Let $D,E,F$ be the midpoints of the sides of $\Delta ABC,$ as shown below. Rotate triangles $CDG, AEG, BFG$ $180^{\circ}$ around points $D,E,F,$ respectively, into triangles $BDG_{b}, CEG_{c}, AFG_{a}.$

This procedure creates three congruent triangles: $AGG_{a},$ $BGG_{b},$ and $CGG_{c}.$

### Acknowledgment

I learned of this statement by Lee Sallows and its extension by John Golden (@mathhombre) and Pat Ballew's from their tweets, google+ conversation and Pat's blog.

### Proof

The proof is extremely simple and may be discerned by just viewing of the medians diagram:

Say, $FG$ and $FG_a$ are collinear because the latter is just a reflection of the former in point $F.$

$\angle AG_{a}G=\angle BGF=\angle CGE=\angle CGG_{c}.$ In addition,

\begin{align} \angle GBG_{b} &=\angle GBD+\angle DBG_{b}\\ &=\angle GBC+\angle DCB\\ &= 180^{\circ}-\angle BGC\\ &=\angle BGF. \end{align}

Other angles are treated similarly. Finally,

$AG_{a} = BG = 2GE = GE+EG_{c}=GG_{c},$

making triangles $BDG_{b}, CEG_{c}, AFG_{a}$ not only similar but in fact congruent.

### Extra

It was observed that if $\Delta ABC$ is equilateral or isosceles, so are the new ones.

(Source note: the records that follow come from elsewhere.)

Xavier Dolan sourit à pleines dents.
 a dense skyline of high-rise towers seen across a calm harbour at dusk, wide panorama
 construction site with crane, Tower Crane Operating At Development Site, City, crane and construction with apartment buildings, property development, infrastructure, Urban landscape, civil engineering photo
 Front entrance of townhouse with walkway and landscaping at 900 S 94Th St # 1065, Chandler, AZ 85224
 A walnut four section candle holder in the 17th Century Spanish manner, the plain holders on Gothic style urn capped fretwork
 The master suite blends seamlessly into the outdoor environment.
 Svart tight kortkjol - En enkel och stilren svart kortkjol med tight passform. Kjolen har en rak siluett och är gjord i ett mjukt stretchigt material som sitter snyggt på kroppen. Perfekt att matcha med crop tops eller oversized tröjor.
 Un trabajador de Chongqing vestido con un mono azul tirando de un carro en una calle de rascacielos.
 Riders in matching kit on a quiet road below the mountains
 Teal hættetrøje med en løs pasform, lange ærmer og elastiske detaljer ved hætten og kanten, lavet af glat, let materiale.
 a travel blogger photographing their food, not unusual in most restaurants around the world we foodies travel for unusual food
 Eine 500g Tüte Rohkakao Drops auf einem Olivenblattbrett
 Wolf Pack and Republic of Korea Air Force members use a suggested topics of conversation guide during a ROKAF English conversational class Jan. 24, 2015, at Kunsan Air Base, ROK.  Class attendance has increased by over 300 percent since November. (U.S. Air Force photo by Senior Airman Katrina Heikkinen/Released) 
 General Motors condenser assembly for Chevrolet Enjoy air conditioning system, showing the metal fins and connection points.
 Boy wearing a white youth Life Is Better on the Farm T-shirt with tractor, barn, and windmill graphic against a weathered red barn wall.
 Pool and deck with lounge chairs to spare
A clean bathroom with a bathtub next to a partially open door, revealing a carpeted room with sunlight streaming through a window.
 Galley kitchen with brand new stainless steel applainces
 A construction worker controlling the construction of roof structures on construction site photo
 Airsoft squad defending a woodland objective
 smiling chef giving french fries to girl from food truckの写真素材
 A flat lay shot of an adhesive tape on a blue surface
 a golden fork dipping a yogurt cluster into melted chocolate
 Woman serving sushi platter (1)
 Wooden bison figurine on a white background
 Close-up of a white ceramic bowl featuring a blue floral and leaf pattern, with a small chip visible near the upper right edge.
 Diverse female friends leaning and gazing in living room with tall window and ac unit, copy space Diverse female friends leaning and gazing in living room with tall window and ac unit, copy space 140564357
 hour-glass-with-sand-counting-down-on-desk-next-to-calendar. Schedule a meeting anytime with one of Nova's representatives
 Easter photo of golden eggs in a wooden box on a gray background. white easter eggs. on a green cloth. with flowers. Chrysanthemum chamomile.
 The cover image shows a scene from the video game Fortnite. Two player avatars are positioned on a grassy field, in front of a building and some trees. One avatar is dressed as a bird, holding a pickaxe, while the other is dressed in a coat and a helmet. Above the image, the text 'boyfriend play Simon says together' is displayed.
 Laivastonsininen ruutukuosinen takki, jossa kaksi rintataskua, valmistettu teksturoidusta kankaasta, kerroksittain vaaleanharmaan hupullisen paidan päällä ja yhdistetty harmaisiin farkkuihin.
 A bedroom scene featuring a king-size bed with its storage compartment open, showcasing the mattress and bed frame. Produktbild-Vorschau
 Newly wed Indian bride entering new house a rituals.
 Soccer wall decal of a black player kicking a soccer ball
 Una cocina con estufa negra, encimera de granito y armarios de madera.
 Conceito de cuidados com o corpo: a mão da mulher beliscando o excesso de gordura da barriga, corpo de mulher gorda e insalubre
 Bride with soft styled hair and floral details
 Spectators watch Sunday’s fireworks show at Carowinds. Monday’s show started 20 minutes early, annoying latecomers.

However, in the later case there is no similarity. I can add that the similarity between triangles $BDG_{b}, CEG_{c}, AFG_{a}$ and $\Delta ABC$ would imply that the latter (and the rest of them) are equilateral. However, John Golden and Pat Ballew made an additional discovery by inquiring of what happens if the same procedure was being applied to the new triangles. Their discovery is that the second generation of the triangles is similar to the original $\Delta ABC.$

This is illustrated in the following diagram:

In the diagram $F$ serves as the center of spiral similarity with coefficient $\frac{1}{3}.$